The beginning of love is to let those we love be perfectly themselves, and not to twist them to fit our own image. Otherwise we love only the reflection of ourselves we find in them”. Thomas Merton

In our parenting one of the most difficult things is to let our children be themselves.  We can feel that our duty as parents is to raise a model child.  Someone with good manners who participates happily in school, sporting and extracurricular activities, who has plenty of friends, and who eats and sleeps well.

Unfortunately children are not wired that way.  They are immature, noisy, boisterous, clumsy, shy, awkward, demanding and often irritating.  They wake up too early, they are sick in the night, they are capricious in their refusal of our requests. They push us to our limits and beyond.

Yet most of us love our children dearly.  We long for them to have the opportunities that we have lacked and to succeed where we have failed.  We want the best for them and we want them to avoid the pain that we have suffered.  Things like feeling excluded from the cool gang, being shown up in the classroom, being rejected in love, having to work too hard for too little money.

Alongside that, how closely we identify our own success with the success of our children.  If they don’t do well we take the blame.  We think it is our fault.  We think we have failed.

As our children grow and begin to make choices for themselves, we can be tempted to try and shape them into what we want.  We are tempted to think that we know best for them.  We are tempted to ensure that they follow the path that we think wisest.
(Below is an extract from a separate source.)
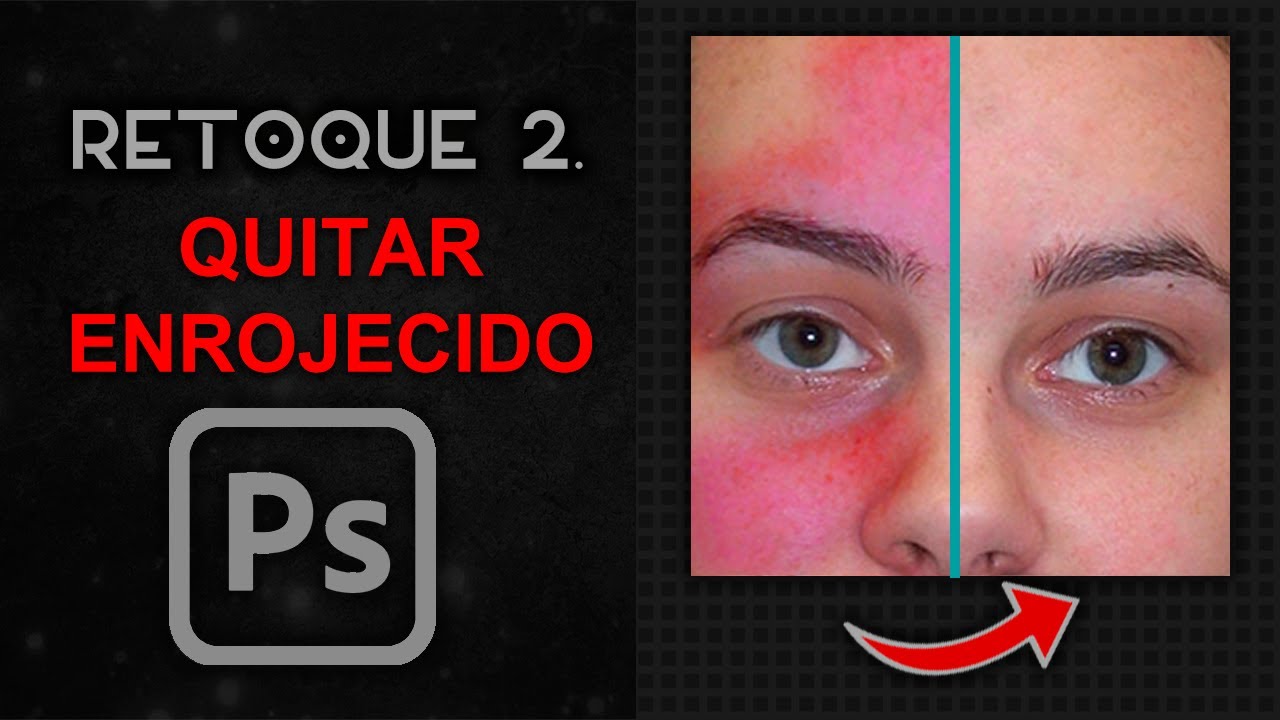 QUITA el ENROJECIMIENTO de una foto – RETOQUE DIGITAL 2 | Adobe Photoshop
Is it any wonder that, with the wisdom of our years, we seek to guide them in ways that will enhance their experience of life?

Is it any wonder that we seek to protect our children from the suffering of unwise decisions?
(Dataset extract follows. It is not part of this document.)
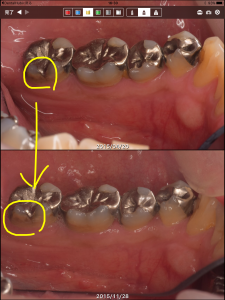 フッ化物応用その他による、虫歯の進行抑制の例（40代男性）003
Of course, as loving parents, we have a duty to care and guide them.

However, problems can arise from our motivation.  We can fear the suffering that both our children and ourselves will endure if they make a mistake.  In this fear we cling tightly to what we want for them and we can become tightly controlling.  Rather than listening to them and encouraging their growth we try to force them in the direction that we would choose.

The tragedy of this is for our children.  Either, they comply with what we want and they never learn to express themselves to the full potential of their uniqueness; or they rebel in their desire to become their true selves.

And this is a tragedy for us too.  Either, we do not see that of which our children are truly capable; or in our disappointment we do not recognise that this stranger is our own.  We are separated from the person in whom we could rejoice.

It is hard for parents to see their children make mistakes and getting hurt.  Yet it is in the very process of making mistakes that children are learning and growing and in protecting them from mistakes we stunt their growth.  In order to release them into being unique people who are fulfilling their potential we have to learn to let go of our need for them to be perfect and to have a perfect life.

In order to do this it helps to let go of our own needs for perfection and to attend to our own humanity.  If we can recognise that life, and people, are imperfect it helps us.

It helps us to recognize that life does involve suffering and our task is not to avoid pain and discomfort but to use situations as opportunities for growth.  It changes our focus from one of controlling outcomes to one of preparing ourselves and our children to meet life’s challenges.  It is an attitude of openness and letting go of expectations.  In doing so, by beginning to love our children as they are, we receive the joy of seeing their true beauty emerge.